Fast Spatio-Temporal Residual Network for Video Super-Resolution

TL;DR

This paper introduces a fast spatio-temporal residual network (FSTRN) that efficiently utilizes 3D convolutions for video super-resolution, achieving high performance with reduced computational complexity.

Contribution

The paper proposes a novel fast spatio-temporal residual block and cross-space residual learning to enhance video SR while lowering computational costs.

Findings

Outperforms current state-of-the-art methods on benchmark datasets

Achieves high-quality video super-resolution with lower computational load

Demonstrates significant improvements in both accuracy and efficiency

Abstract

Recently, deep learning based video super-resolution (SR) methods have achieved promising performance.

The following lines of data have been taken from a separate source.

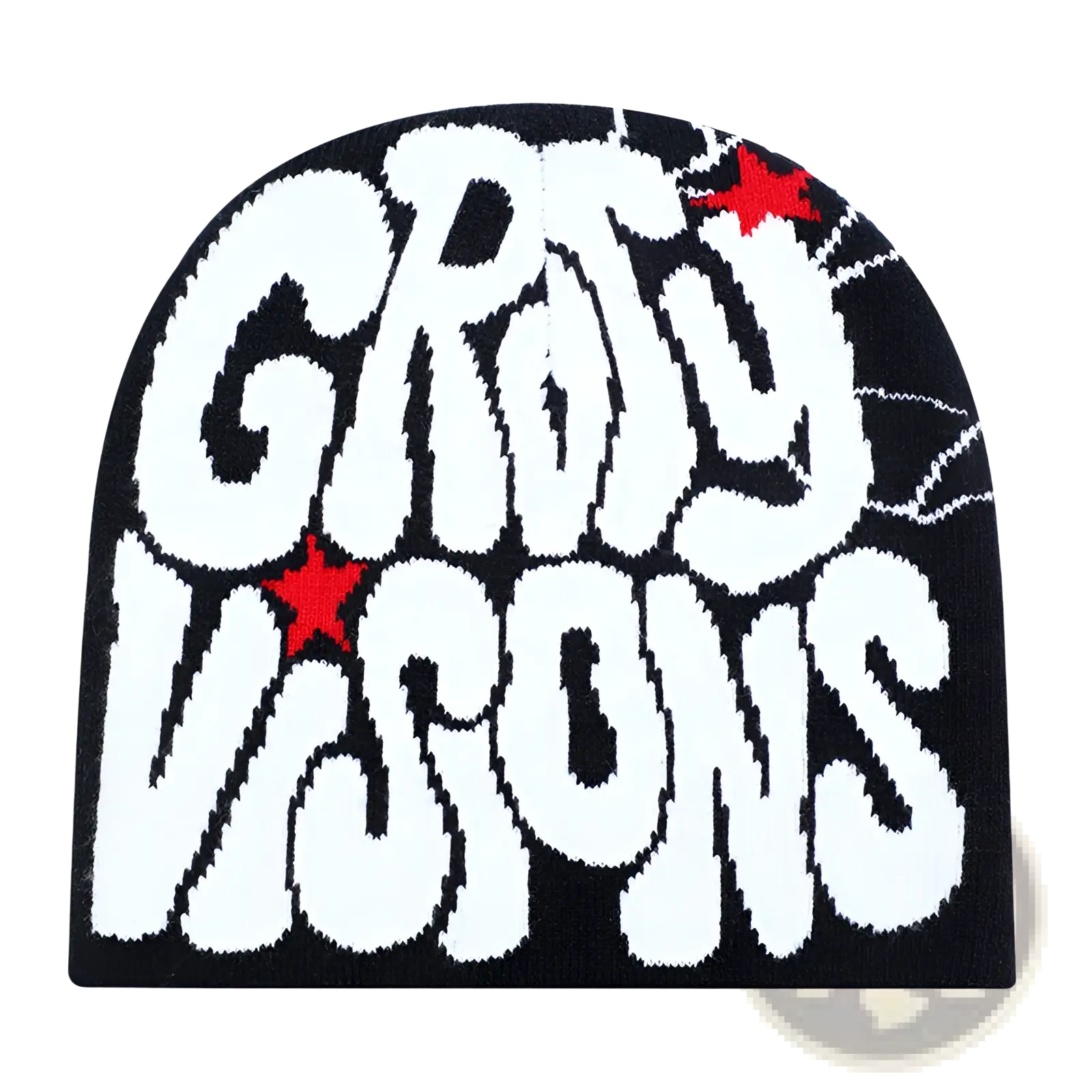 Black knit Grady Visions beanie hat with bold white crov and visions lettering and red star accents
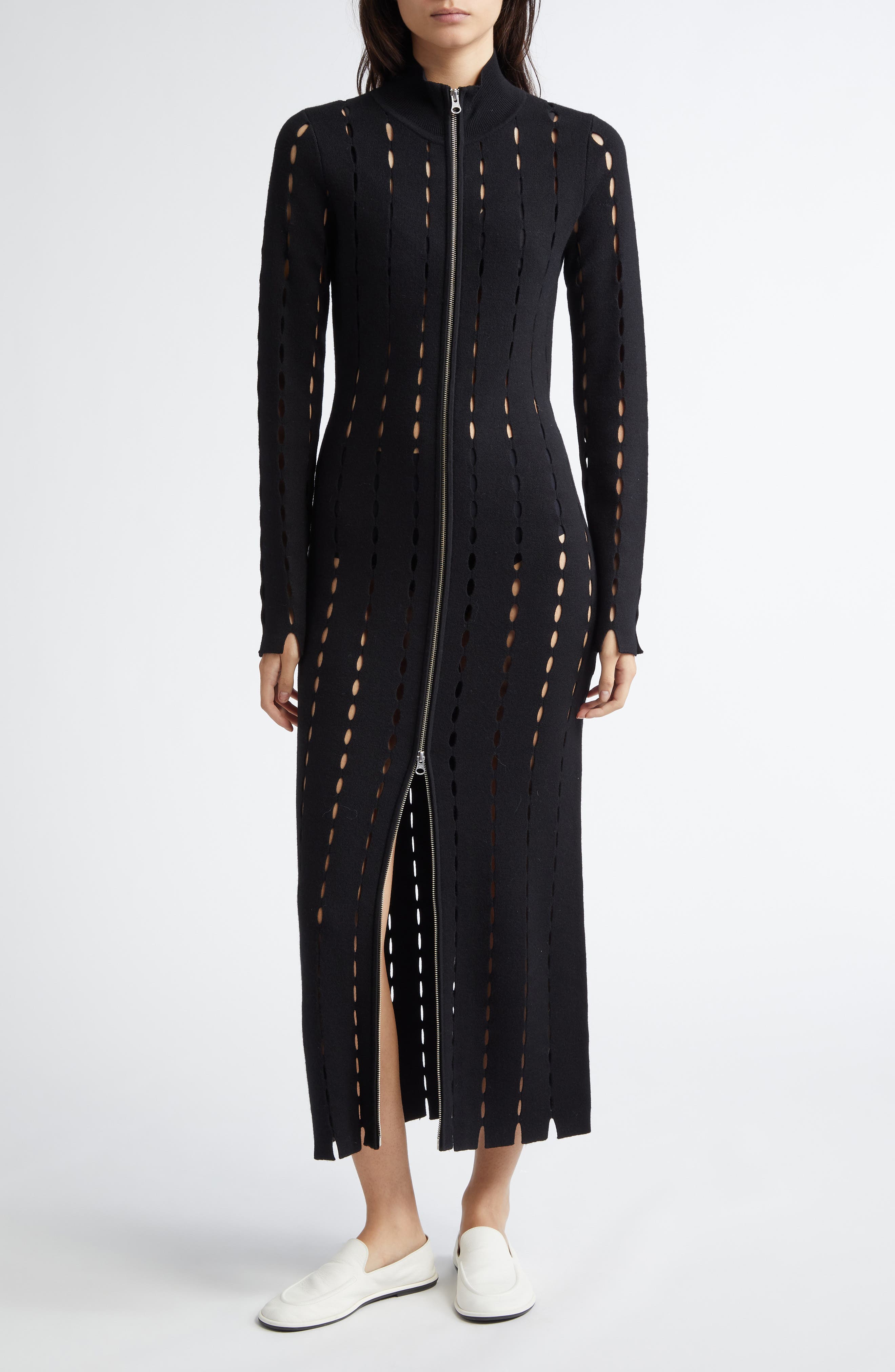 ZANKOV Anatonia Allover Cutout Zip Longline Cardigan in Black 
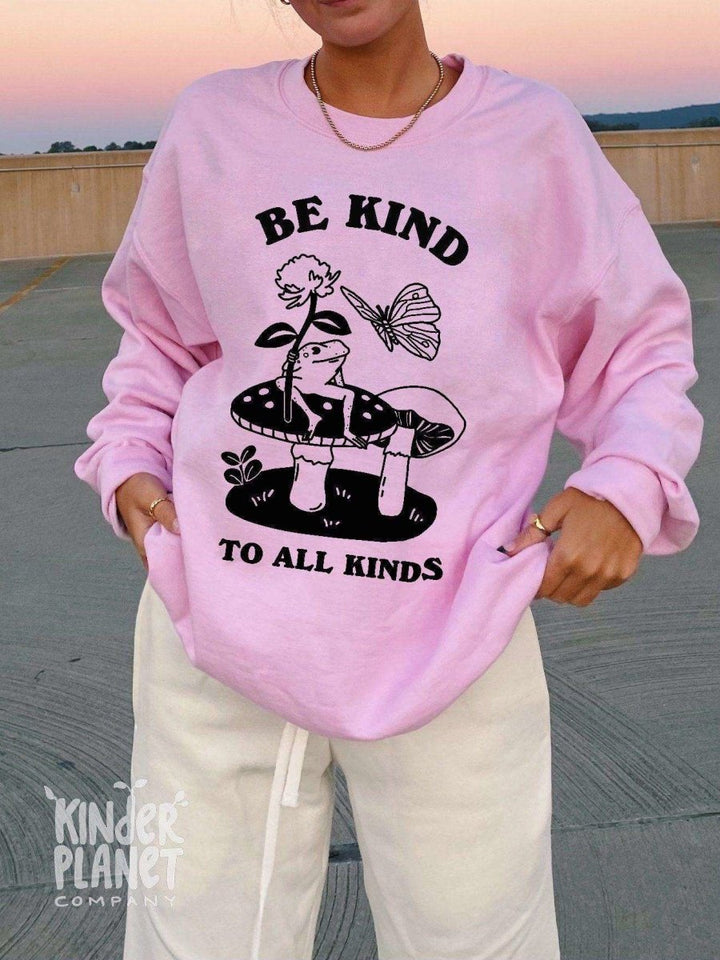 'Be Kind' Frog And Butterfly Sweatshirt - Sweatshirts & Hoodies - Kinder Planet Company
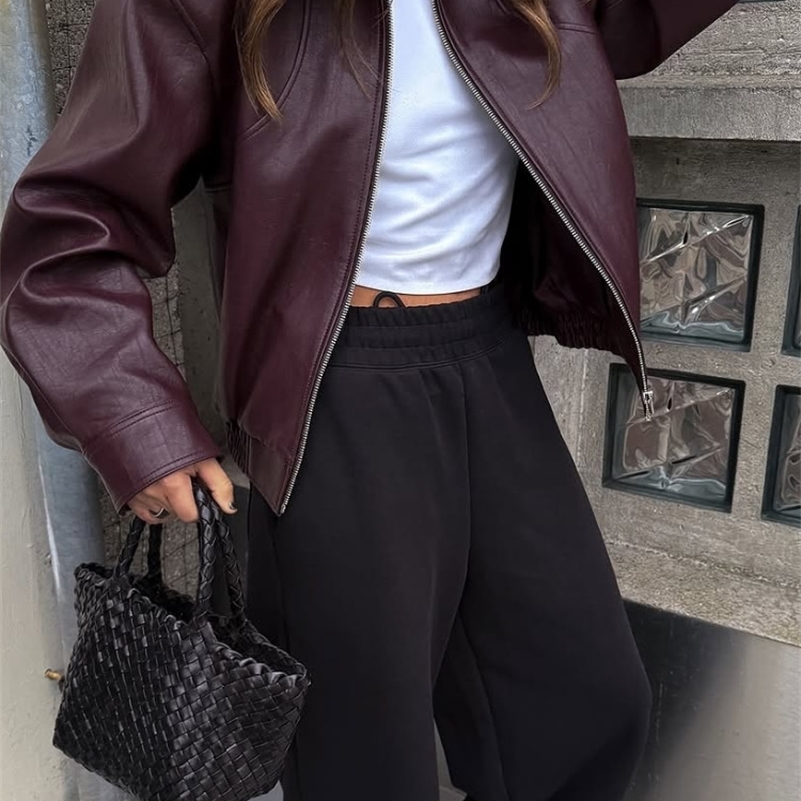 Fashion Lapel Short Leather Coat Women Retro Solid Zipper Simple Long Sleeve Jackets Female Autumn Fashion Casual Street Jacket 251029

To simultaneously exploit the spatial and temporal information of videos, employing 3-dimensional (3D) convolutions is a natural approach. However, straight utilizing 3D convolutions may lead to an excessively high computational complexity which restricts the depth of video SR models and thus undermine the performance. In this paper, we present a novel fast spatio-temporal residual network (FSTRN) to adopt 3D convolutions for the video SR task in order to enhance the performance while maintaining a low computational load. Specifically, we propose a fast spatio-temporal residual block (FRB) that divide each 3D filter to the product of two 3D filters, which have considerably lower dimensions. Furthermore, we design a cross-space residual learning that directly links the low-resolution space and the high-resolution space, which can greatly relieve the computational burden on the feature fusion and up-scaling parts. Extensive evaluations and comparisons on benchmark datasets validate the strengths of the proposed approach and demonstrate that the proposed network significantly outperforms the current state-of-the-art methods.